Of these printing apparatuses, a printing apparatus complying with an inkjet printing method (to be referred to as an inkjet printing apparatus) is known. The inkjet printing apparatus includes, for example, a printhead which prints using thermal energy (see Japanese Patent Laid-Open No. 2005-199703).
The printhead has an inkjet printhead substrate (to be simply referred to as a printhead substrate). FIG. 7A is a view exemplifying the circuit layout of a conventional inkjet printhead substrate 500. FIG. 7B is a circuit diagram exemplifying a circuit arrangement for driving an array of heaters 502 on the printhead substrate 500 shown in FIG. 7A.
As shown in FIG. 7A, the printhead substrate 500 includes heaters, transistor drivers, high-voltage logic circuits, logic circuits, and the like. As shown in FIG. 7B, various different driving powers are supplied to the respective portions. To increase the printing process speed and image quality, the printhead substrate 500 tends to increase the number of heaters and elongate the substrate shape.
In general, printhead substrates are promoting efficient circuit arrangements for downsizing and the like.

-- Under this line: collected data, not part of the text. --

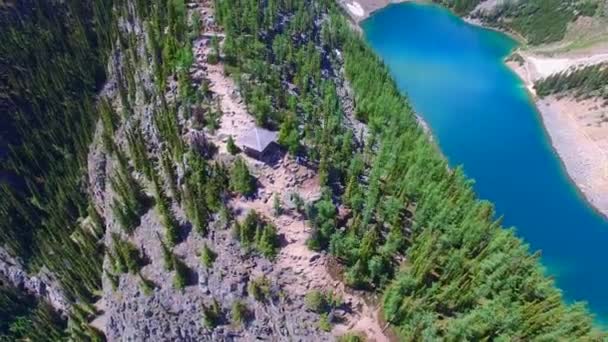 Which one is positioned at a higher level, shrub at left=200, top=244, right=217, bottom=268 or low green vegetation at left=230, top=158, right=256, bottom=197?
low green vegetation at left=230, top=158, right=256, bottom=197

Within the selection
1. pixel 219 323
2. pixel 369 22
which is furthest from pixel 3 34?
pixel 369 22

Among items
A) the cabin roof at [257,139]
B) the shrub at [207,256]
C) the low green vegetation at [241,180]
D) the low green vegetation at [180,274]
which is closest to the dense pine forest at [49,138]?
the low green vegetation at [180,274]

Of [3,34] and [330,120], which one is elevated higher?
[330,120]

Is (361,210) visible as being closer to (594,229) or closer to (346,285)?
(346,285)

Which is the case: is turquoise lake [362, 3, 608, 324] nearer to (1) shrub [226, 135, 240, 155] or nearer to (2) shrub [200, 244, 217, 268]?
(1) shrub [226, 135, 240, 155]

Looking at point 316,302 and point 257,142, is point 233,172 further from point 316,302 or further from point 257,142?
point 316,302

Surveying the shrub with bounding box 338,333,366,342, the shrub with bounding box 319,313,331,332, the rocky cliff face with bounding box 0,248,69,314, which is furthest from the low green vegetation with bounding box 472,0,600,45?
the rocky cliff face with bounding box 0,248,69,314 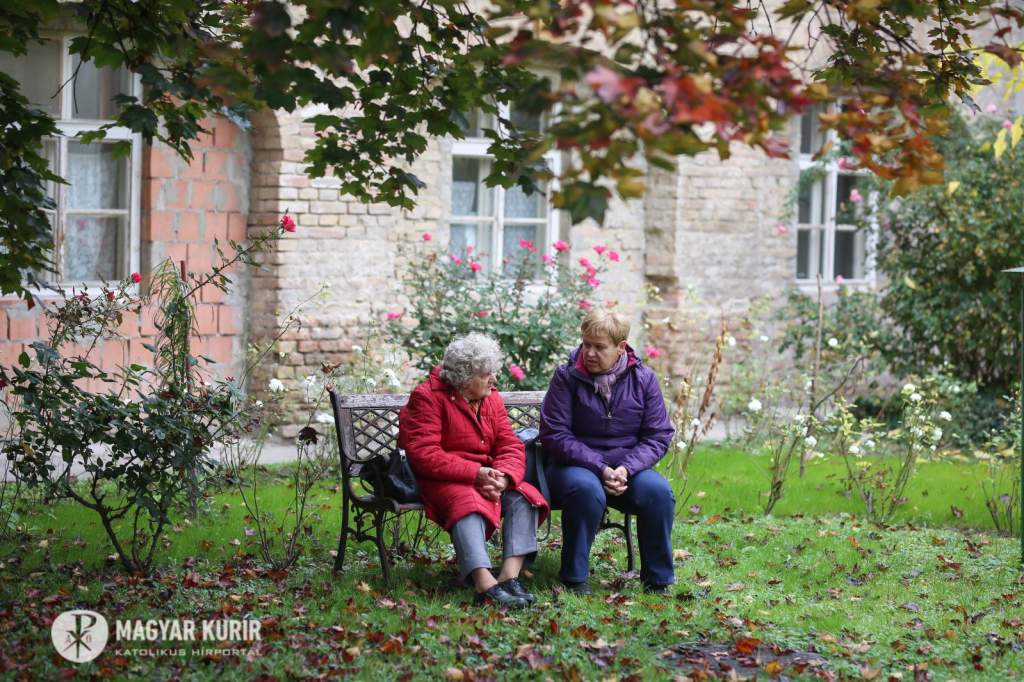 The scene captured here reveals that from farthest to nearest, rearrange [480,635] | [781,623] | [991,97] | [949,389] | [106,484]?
[991,97] → [949,389] → [106,484] → [781,623] → [480,635]

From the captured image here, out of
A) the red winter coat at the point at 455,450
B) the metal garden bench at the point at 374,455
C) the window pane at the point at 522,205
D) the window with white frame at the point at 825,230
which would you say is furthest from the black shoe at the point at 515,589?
the window with white frame at the point at 825,230

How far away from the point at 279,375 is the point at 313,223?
1.26 meters

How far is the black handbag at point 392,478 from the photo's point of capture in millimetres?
5789

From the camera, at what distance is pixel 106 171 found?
32.7ft

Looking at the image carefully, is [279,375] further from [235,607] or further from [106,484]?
[235,607]

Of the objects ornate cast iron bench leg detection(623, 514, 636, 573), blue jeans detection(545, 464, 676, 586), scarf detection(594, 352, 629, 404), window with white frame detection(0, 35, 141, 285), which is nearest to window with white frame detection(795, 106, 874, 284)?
window with white frame detection(0, 35, 141, 285)

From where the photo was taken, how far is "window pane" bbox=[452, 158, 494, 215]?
38.4ft

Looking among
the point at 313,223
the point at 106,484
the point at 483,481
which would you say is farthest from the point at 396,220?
the point at 483,481

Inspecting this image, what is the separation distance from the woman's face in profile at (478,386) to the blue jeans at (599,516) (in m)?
0.56

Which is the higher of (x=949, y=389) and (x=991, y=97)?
(x=991, y=97)

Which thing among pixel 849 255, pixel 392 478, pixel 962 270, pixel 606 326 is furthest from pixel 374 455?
pixel 849 255

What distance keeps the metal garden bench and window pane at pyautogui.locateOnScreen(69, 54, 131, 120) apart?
4.30 metres

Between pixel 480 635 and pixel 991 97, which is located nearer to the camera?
pixel 480 635

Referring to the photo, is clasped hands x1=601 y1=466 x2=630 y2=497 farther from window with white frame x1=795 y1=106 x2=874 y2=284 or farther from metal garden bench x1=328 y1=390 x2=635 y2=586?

However, the printhead substrate requires an ink supply port 501 as shown in FIG. 7A, which greatly restricts the circuit arrangement, compared to a general IC whose shape is arbitrary. Since the substrate shape tends to be long, as described above, a long circuit arrangement along the heater array is necessary. For a long substrate shape, a long power supply line needs to be laid out from a pad at the end of the substrate. The parasitic C, R, and L of the power supply line may make the power supply unstable, causing a malfunction.
On the printhead substrate, a pulse current of several ten mA per heater or several A per entire substrate flows at once to cause film boiling of ink. The pulse current flows through an aluminum wire running through the entire upper layer of the substrate circuit. Thus, noise superposed on the circuit power supply becomes greatly large, compared to a general IC. In particular, a logic circuit 505 shown in FIGS. 7A and 7B needs to be driven quickly at low voltage. However, under layout restrictions, the logic circuit 505 is arranged parallel to the lower layer of the aluminum wire through which the heater pulse current flows, and thus is greatly affected by noise.
Since the number of heaters increases, as described above, noise tends to further increase. A larger number of heaters require higher circuit driving speed (higher frequency), and the power supply becomes unstable along with an increase in power consumption. Also, high-speed driving increases power supply noise, and the risk of the malfunction of the circuit rises. That is, stabilization of the power supply on the substrate is an important issue.